Само собой разумеется, такой уровень трудности был открыт позже всех прочих и не освоен до сих пор, да и открыт-то он был только после того, как Набоков сам, где намеком, где экивоком, указал на некоторые скрытые в его книгах возможности такого истолкования. Когда же после его смерти его вдова сказала довольно прямо, что главная и вместе с тем незамеченная тема Набокова — потусторонность,{161} верхогляды немедленно занялись подробной инвентаризацией всех «потусторонних» по их разумению возможностей у Набокова, тогда как более тонкие любители принялись покашливать от неловкости такого нового открытия. И нравственный-то аспект книг Набокова нелегко было им взять на борт, не поцарапав лака; согласиться же с тем, что Набоков еще и мистик, могло повредить даже солидной репутации, худосочную же могло испортить вконец.

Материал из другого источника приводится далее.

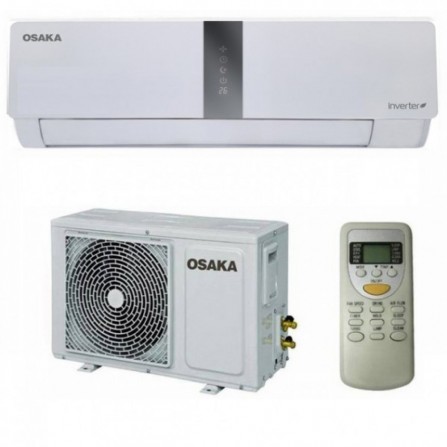 OSAKA STV-24HH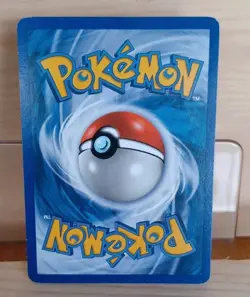 Pikachu 78/110 Holon Phantoms Reverse Holo Stamped Pokemon TCG - Image 5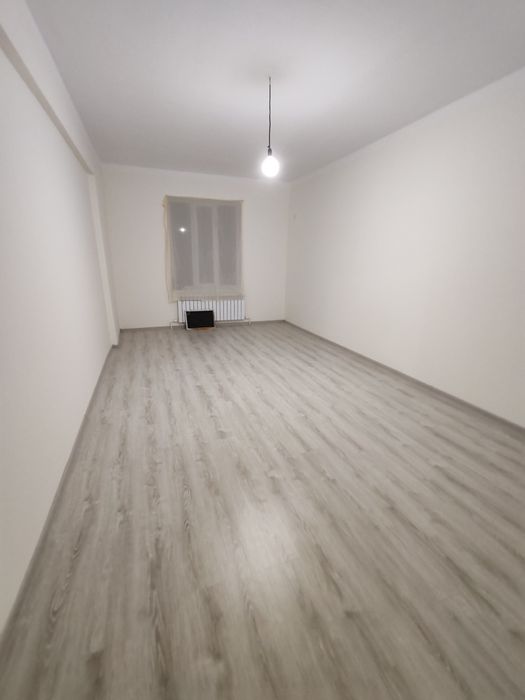 2в3/7/9 Карасу-6 (Обл.Гаи,ЖК Карасу риверс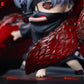 [PRE ORDER] Tokyo Ghoul - BW Studio - Chibi Kaneki Ken (Price does not include shipping - Please Read Description)
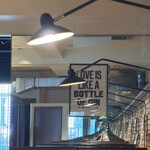 赤身肉じゃんか中目店 - 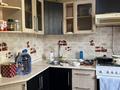 2-комнатная квартира · 52 м² · 1/9 этаж, Майкудук, 18-шағынаудан 4 за 14 млн ₸ в Караганде, Алихана Бокейханова р-н — фото 9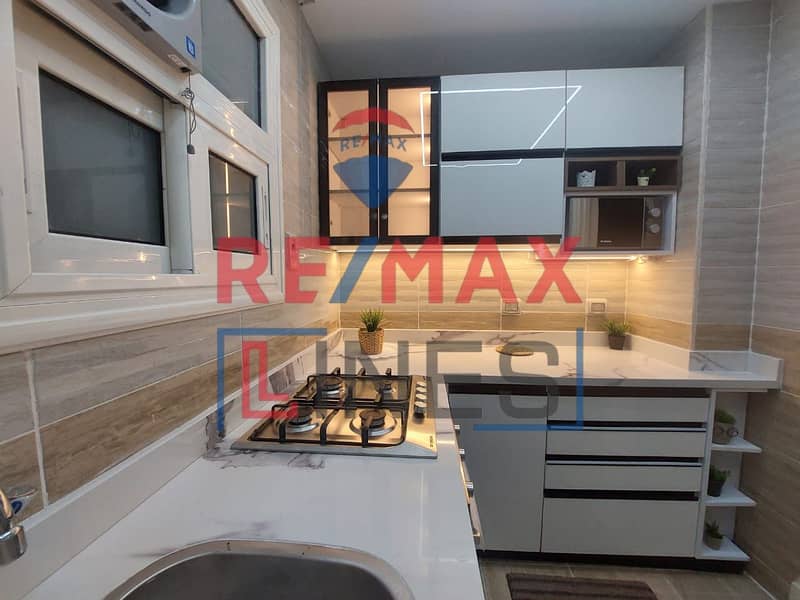 16 WhatsApp Image 2025-10-28 at 11.13. 26 AM (1). jpeg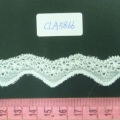 CLA5866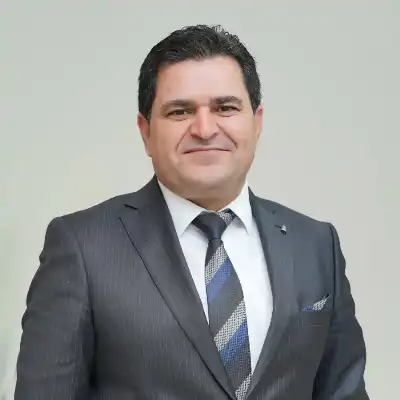 الدكتور محمد الشياب.. حين يتحدث العلم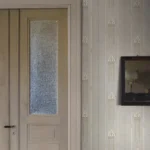 Villastan | Boråstapeter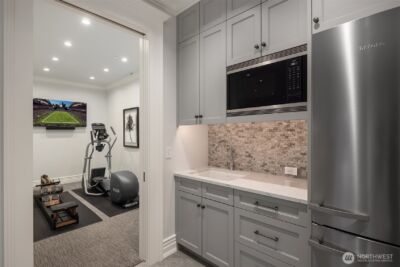 1848 77th Avenue NE, Medina, WA 98039 - Photo 31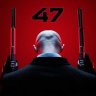 Agent 47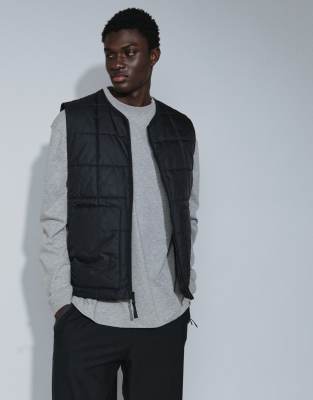 Gilet 2
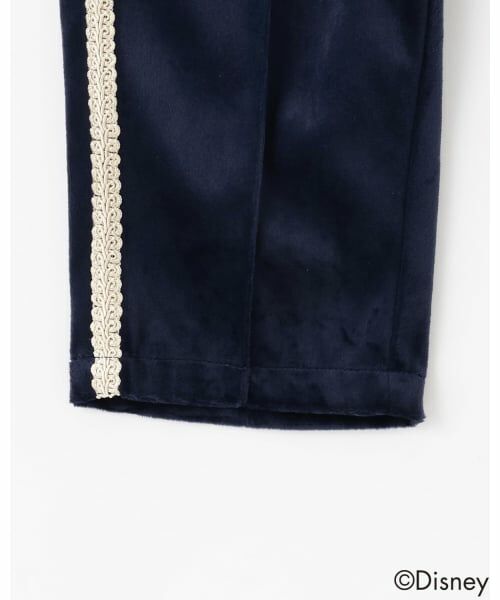 petit main / プティマイン その他トップス | 【Disney】なりきり王子セット | 詳細22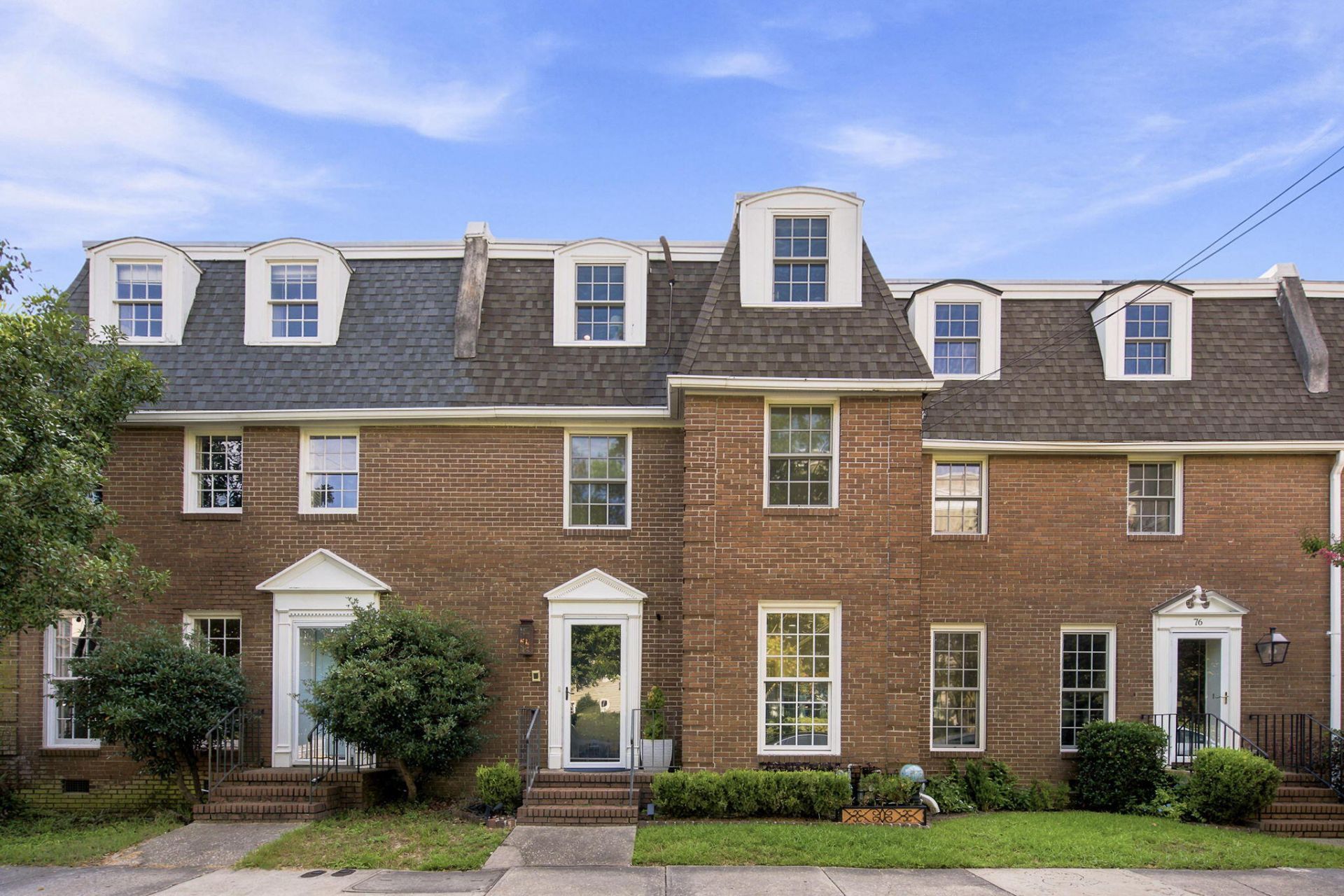 78 Legare Street Photo 1
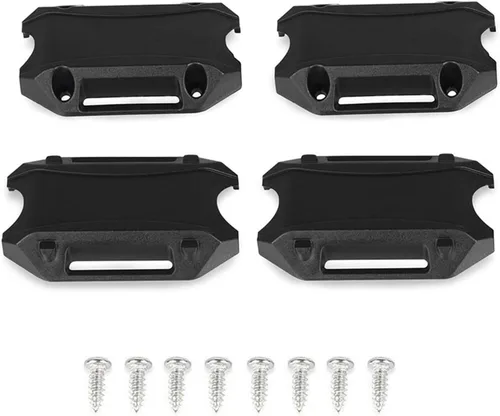 Vista 4 de Para Yamaha XT660R XT660X XT660XR XT660 R/X/XR motocicleta Rcing motor Crash Bar protección parachoques protector protector protector deslizante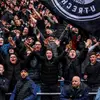 FC Utrecht-supporters vrezen voor treffen met FC Twente: "Totaal geen illusie op resultaat"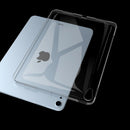 iPad Air 11 (M3 2025) Soft Gel Case 3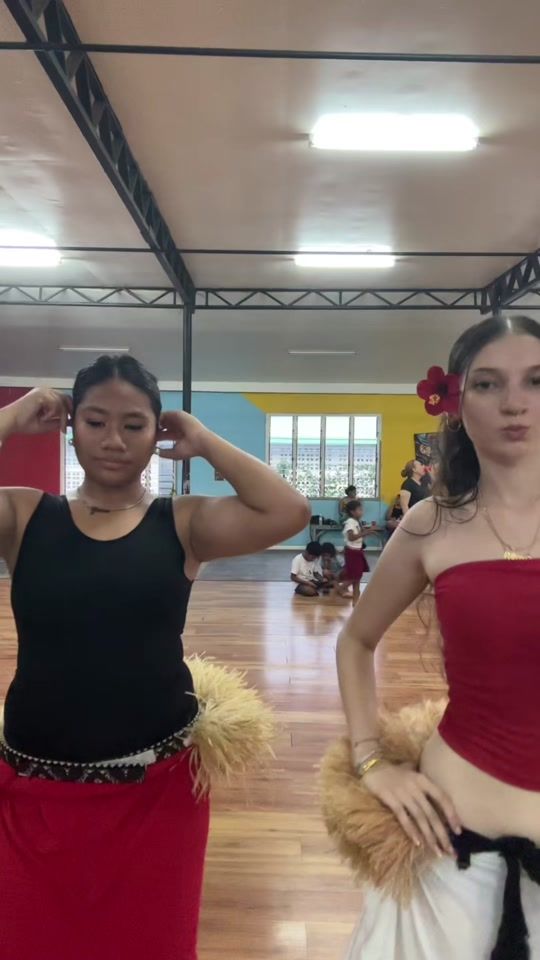 TikTok video thumbnail by polyxdolls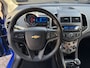 Chevrolet Aveo 1.2 LS 5drs Airco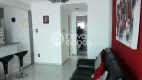 Foto 12 de Apartamento com 1 Quarto à venda, 42m² em Cavalcânti, Rio de Janeiro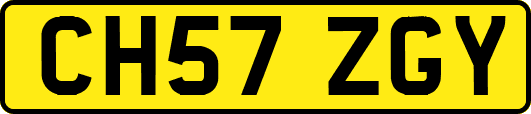CH57ZGY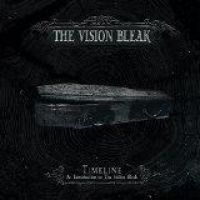 Vision Bleak: Timeline - An Introduction ...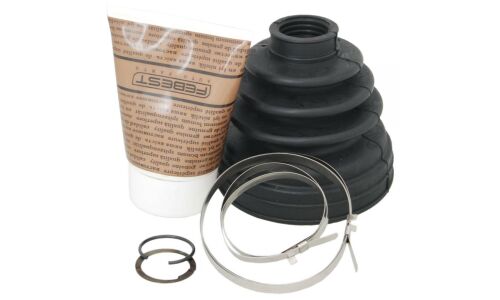 Пыльник ШРУСа Febest, арт. 0215-R51T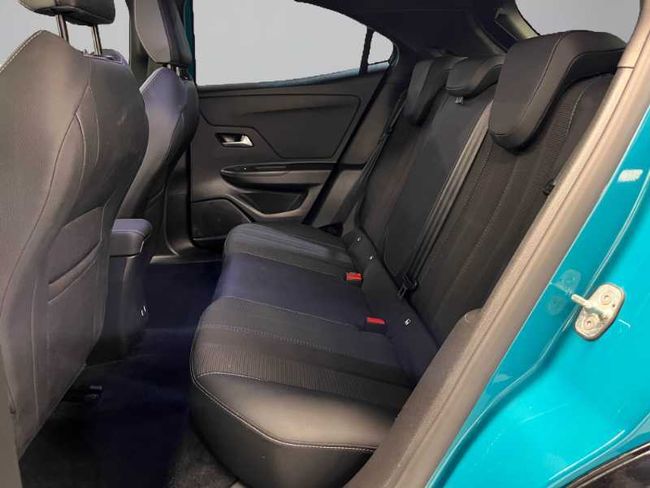 Opel Mokka GS 1.2 T MT6 S/S 136 CV (100kW)   - Foto 13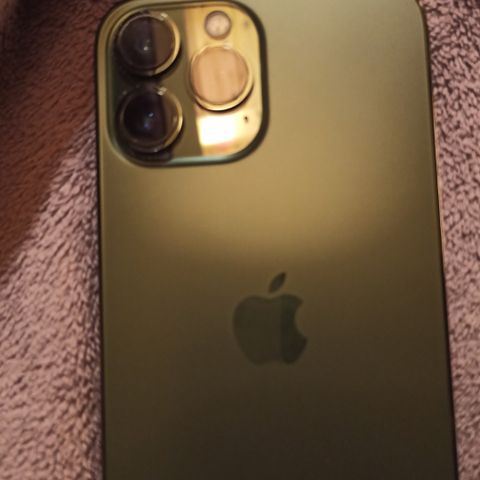 Iphone 14 Pro Max 128gb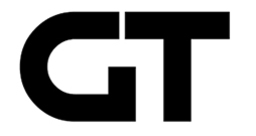 Gay Times Magazine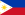 filipine steag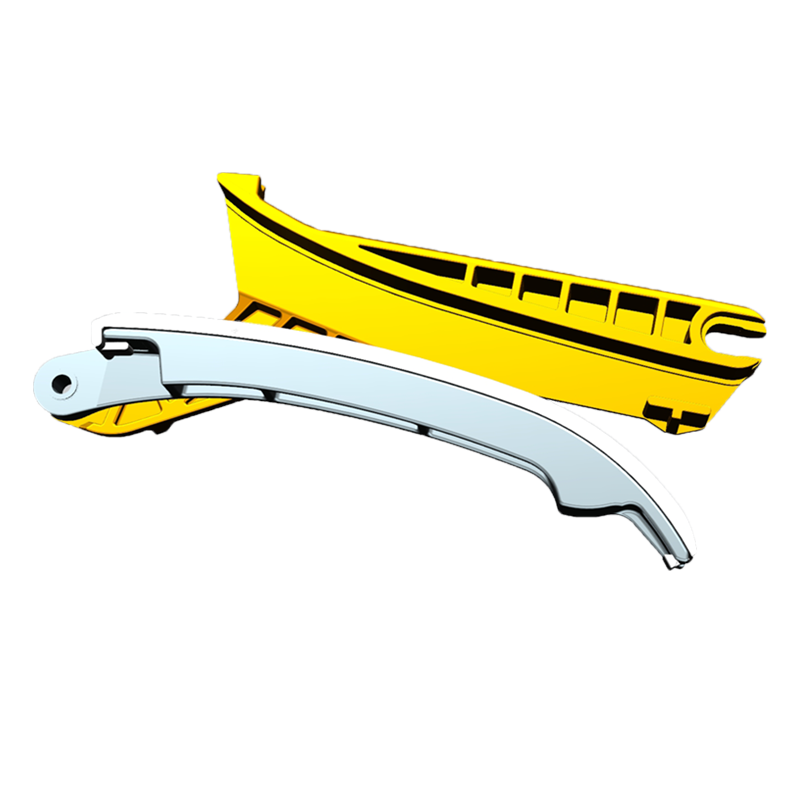 NINGBO MOTOR INDUSTRIAL CO., LTD.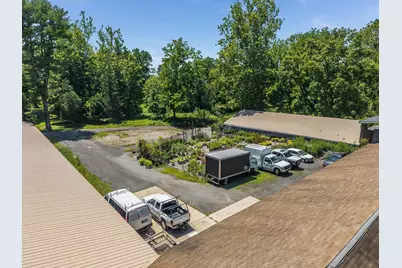 68 Johanna Farms Road, Ringoes, NJ 08551 - Photo 6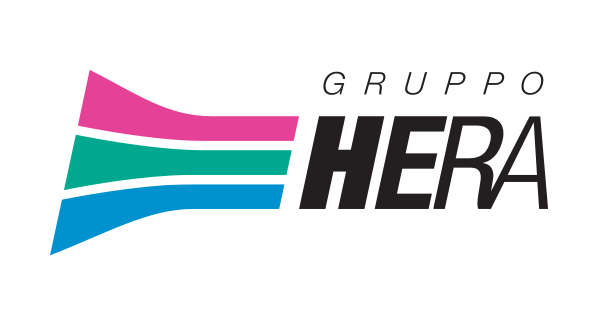 HERA HERA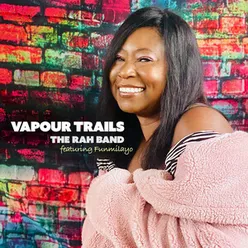 Vapour Trails Radio Mix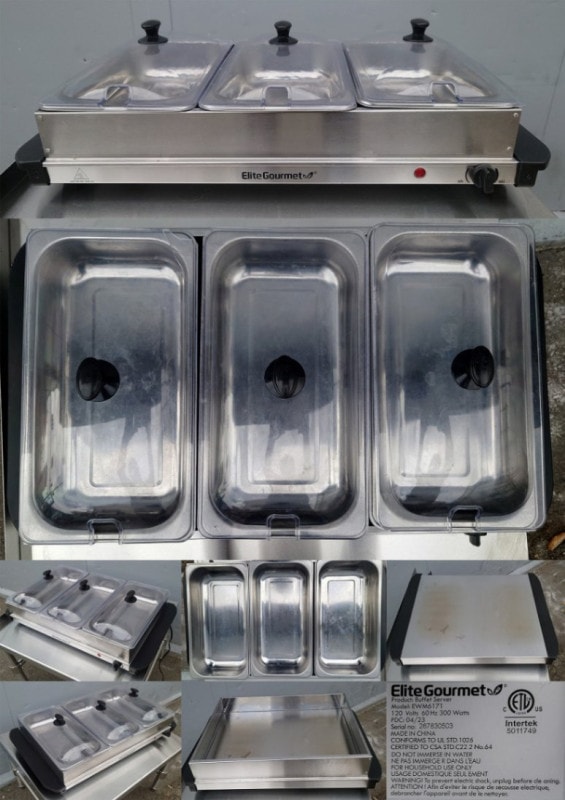 卓上ホットウォーマー中古 0000000056382_A36H5kW.jpg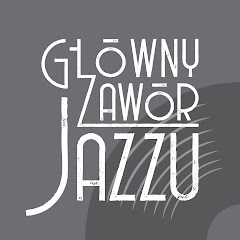 Główny Zawór Jazzu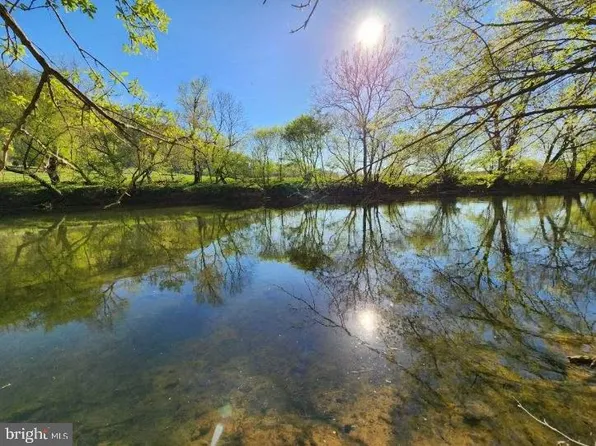 LOT 13 Black Bear Rd, Maurertown, VA 22644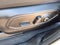 2025 Jeep Grand Cherokee GRAND CHEROKEE L LAREDO 4X4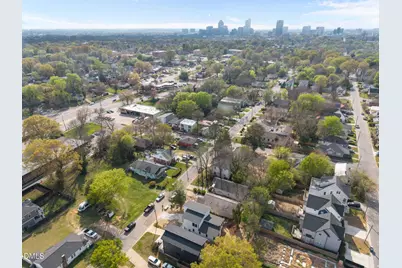 1311 Boyer Street, Raleigh, NC 27610 - Photo 39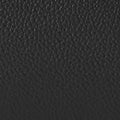 Furla Poppy M Dome in Black - Bags 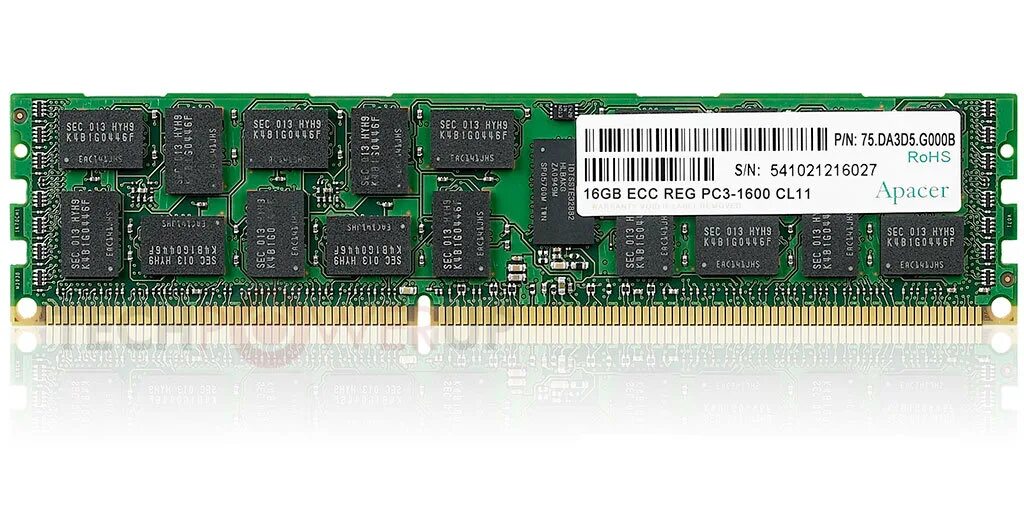 Оперативная память Apacer 8gb ddr4 2666mhz DIMM. Оперативная память Apacer DDR 4 8 ГБ. Ddr3 ECC. Модули ddr3 pc3-8500. Память ddr3 ecc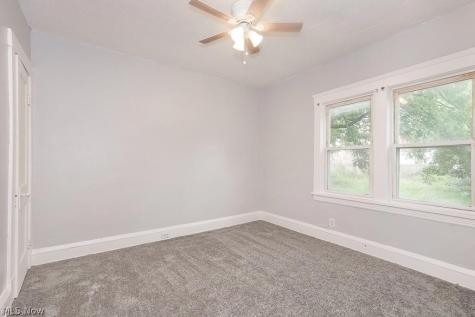 10803 Navarre Court Cleveland OH 44108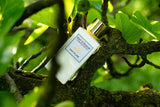 Easy to Love Parfum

И однако, несмотря на то, что в наши дни куда надежнее, легче и приятнее удлинять перечни научных трудов о Набокове модными перепевами смехотворных или прямо гнусных тем (обыкновенно с половыми мотивами), наиболее плодотворный — а может быть, и единственно плодотворный — путь дальнейшего изучения состоит, по моему убеждению, в синтетическом разсмотрении трех прилегающих друг к другу, друг в друга переходящих плоскостей, которые я здесь называю художественной (или воспринимательной, или «внешней»), психологической (или нравственной, или «внутренней»), и метафизической (религиозной, мистической, или «иной»). Сысподу каждая из этих плоскостей прошита «темами», и темы эти, равно как и планы, которые они собою скрепляют, находятся в невероятно сложном, но строго согласованном отношении друг к дружке, причем отношение это подвижно, а сама эта подвижность того именно происхождения, называнием и призыванием которого венчается, но не кончается, троичный, божественный мир старой поэмы в терцинах.
Глава седьмая
Смерть неизбежна
Laura и ее перевод
1.
В конце «Трагедии господина Морна» таинственный Дандилио говорит, что «смерть — любопытна». В «Приглашении на казнь» один из действующих шутов под шумок и как бы ненароком выдает музыкальный ключ к замыслу книги (правда, калейдоскопически зашифрованный): «смерть мила: это тайна». Герою первого американского романа Набокова («Под знаком незаконнорожденных») перед смертью дано постичь, на краткий миг, что смерть в книге — вопрос стилистический, тогда как герой последнего, «Посмотри на арлекинов!», ворчит, что смерть — унизительная глупость. Надо, конечно, помнить, что все такие максимы дороги в художественных вымыслах, тогда как у самого художника мог быть иной взгляд на эти вещи.